- Court: Court of Appeal of New Zealand
- Full case name: ROLLS-ROYCE NEW ZEALAND LIMITED Appellant v CARTER HOLT HARVEY LIMITED Respondent And Strike-Out Respondent AND GENESIS POWER LIMITED Strike-Out Applicant
- Decided: 23 June 2004
- Citation: [2005] 1 NZLR 324
- Transcript: Court of Appeal judgment

Court membership
- Judges sitting: Gault P, Anderson J, Glazebrook J

Keywords
- negligence

= Rolls-Royce New Zealand Ltd v Carter Holt Harvey Ltd =

Rolls-Royce New Zealand Ltd v Carter Holt Harvey Ltd [2005] 1 NZLR 324 is decision of the Court of Appeal of New Zealand regarding tort claims in situations where a claim can be in both tort and contract.

==Background==
Carter Holt entered into a contract with ECNZ (now Genesis Energy) for them to construct a cogeneration plant at their Kinleith paper mill that would be fueled by waste byproduct from the mill, with the contract having a non liability clause.

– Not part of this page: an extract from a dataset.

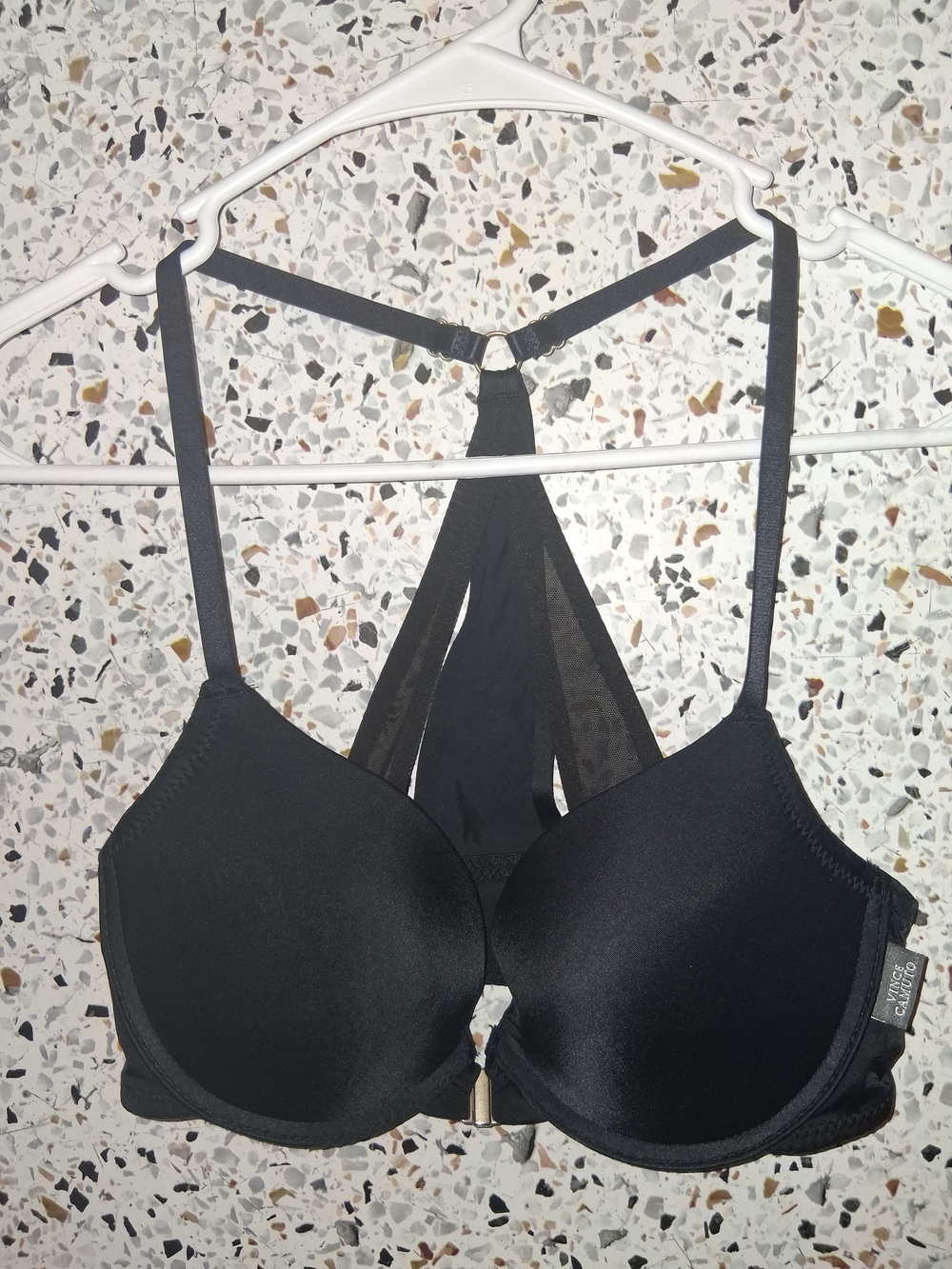 Women's Vince Camuto Tshirt Bra Size 34C Black With Wires And Padding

ECNZ in turn subcontracted the work to Rolls-Royce.

Problems later were experienced with the generators that were installed, and CHH sued ECNZ for breach of contract. As there was no contract between CHH and Rolls-Royce, they were sued for negligence in tort.

Rolls-Royce applied for the tort claim against them to be struck out on the basis that ECNZ could not have a claim in both contract and tort.

==Held==
The court ruled where parties are involved in complex commercial relationships, there could only be duties owed in contract, and not in tort. Accordingly, the court granted Rolls-Royces application to strike out part of the claim.

However, the court did leave open to a claim in tort still being arguable for misrepresentation claims in tort, as per in Hedley Byrne.